Manasara (English translation)

by Prasanna Kumar Acharya | 1933 | 201,051 words

This page describes “history of publication” which is Preface 1 of the Manasara (English translation): an encyclopedic work dealing with the science of Indian architecture and sculptures. The Manasara was originaly written in Sanskrit (in roughly 10,000 verses) and dates to the 5th century A.D. or earlier.
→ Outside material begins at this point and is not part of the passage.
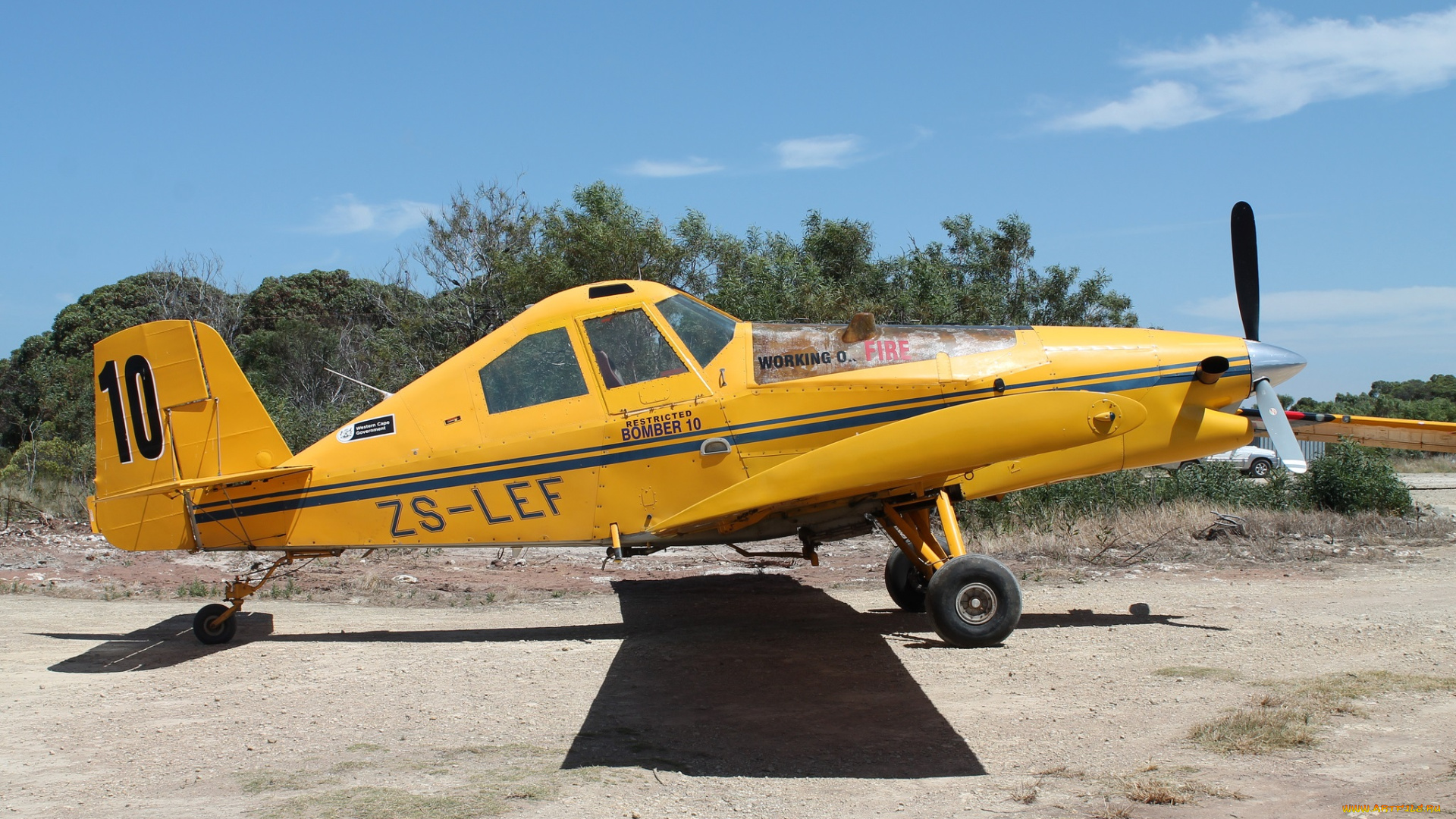 авиация, лёгкие, и, одномоторные, самолёты, служба, пожарная, патрульная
Part 1 - History of publication

Architecture of Mānasāra is an English version of a Sanskrit text of that name edited, with critical notes, for the first time by the writer. The text is based on all the eleven available manuscripts gathered together by the then Secretary of State for India, Sir Austin Chamberlain, for the use of the writer. Except one, all other manuscripts are fragmentary and none contains any commentary, drawings, diagrams or sketches. The buildings of the time, religious, military, or residential, do not appear to exist in their entirety for a ready reference. In 1838 Ram Raz based his Essay on Architecture of the Hindus on a few chapters of a single fragmentary manuscript. In recent years several other scholars have quoted extracts from one or other of the manuscripts, but no one, including Ram Raz, attempted the translation of any passage. A few Sanskrit texts of architecture have also been printed in the recent years, but none has been translated into English or elucidated in any other language, Indian or European.
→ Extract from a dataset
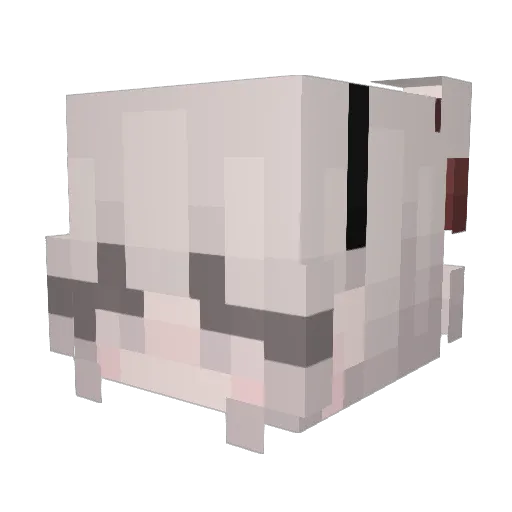 TehCrazyCactus Minecraft avatar head, 3D render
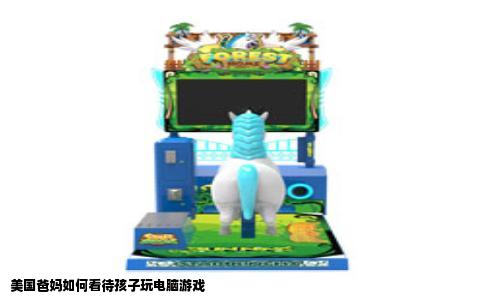 美国爸妈如何看待孩子玩电脑游戏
It was the great Director General of Archaeology, Sir John Marshall, who conceived the idea, and advised Lord Pentland, the then Governor of Madras, to get a reliable version of the standard work on Indian architecture scientifically edited and properly elucidated, together with sketches, diagrams, and measured drawings, when he (Sir John Marshall) came to know, through Dr. F. W. Thomas, then Librarian of the India Office, London, that I had been working for some time as a Government of India Slate scholar on the subject in consultation with Mr. E. B. Havell and under the guidance of Dr. L. D. Barnett of the British Museum, Dr. Thomas himself, and Dr. J. Ph. Vogel of Leyden. But the unfortunate coincidence of His Excellency’s retirement and Sir John’s absence from India at the time of my arrival in Madras upset the preliminary arrangement made for the publication from Madras. On my appointment to the Indian Educational Service in the United Provinces, Sir Claude F. de la Fosse, the then Director of Public Instruction, and the first Vice-Chancellor of the reconstructed Allahabad University, took up the matter with scholarly interest and induced the great educationist Governor, Sir Harcourt Butler, to sanction the publication on behalf of the United Provinces Government, through the Oxford University Press.
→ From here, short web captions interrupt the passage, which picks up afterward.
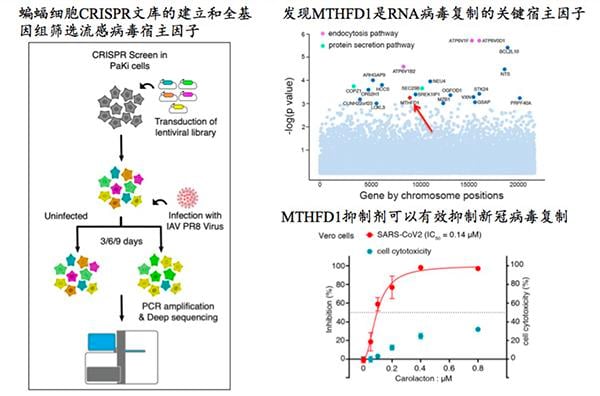 清华等团队从蝙蝠“百毒不侵”中找答案：发现新冠病毒抑制剂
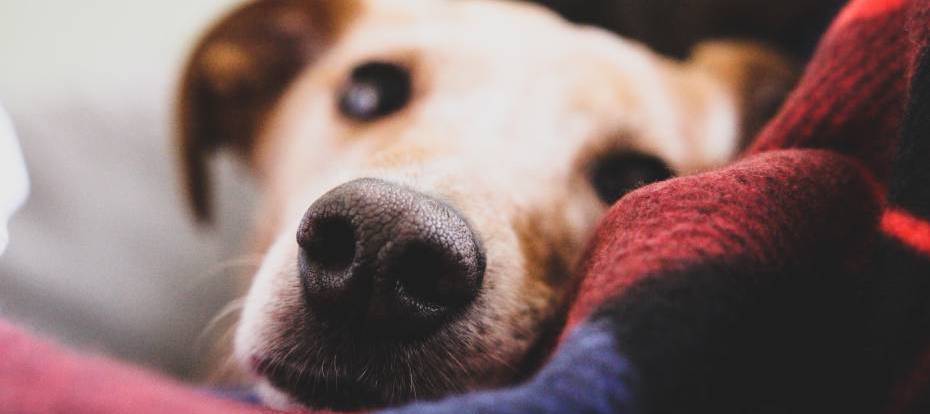 A close up shot of the black nose of a cream-colored dog lying on blankets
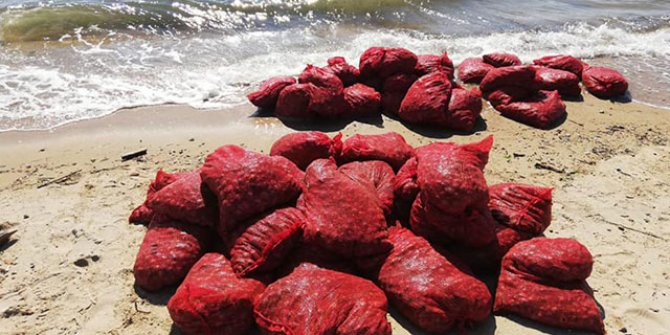 Edirne’de, 876 kilo kaçak midyeye 449 bin lira ceza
The work of seventeen years—which Professor E. J. Rapson of Cambridge University correctly predicted to be a life’s undertaking—has thus reached its present destination. It is, however, not the end, but the beginning, of a new line of Indology which, it may perhaps be hoped, is likely to prove not merely of cultural and historical interest, but possibly of some practical benefit to the country and to the nation. Our architectural policy of the past few hundred years, based as it has been on foreign imitation, and in an entirely different climate and soil, has not proved quite successful in regard to temples and humble dwelling-houses, if not in regard to public edifices also. That the sole object of a work like the Mānasāra was primarily and ultimately practical in giving general as well as special guidance to the builders of that time, as also of the future generations, will be clear even to the casual reader of the book. Whether or not the extant structures which have been restored to the nation by the activity of the Archaeological Department, or which having defied the effect of time and weather, are yet standing almost in their original grandeur, will indicate the application of the rules and regulations, or at least the methods and principles laid down in the Mānasāra, remains to be proved. If, after making allowance for existing conditions and requirements, the methods and principles, as well as the rules and regulations laid down in the standard treatise, are found to be scientifically sound and suitable for modem buildings, big and small, they may be experimented with, and the solution of the problems relating to its textual imperfection and historical uncertainty may be left to the care of those whose mission is the elucidation of the past culture.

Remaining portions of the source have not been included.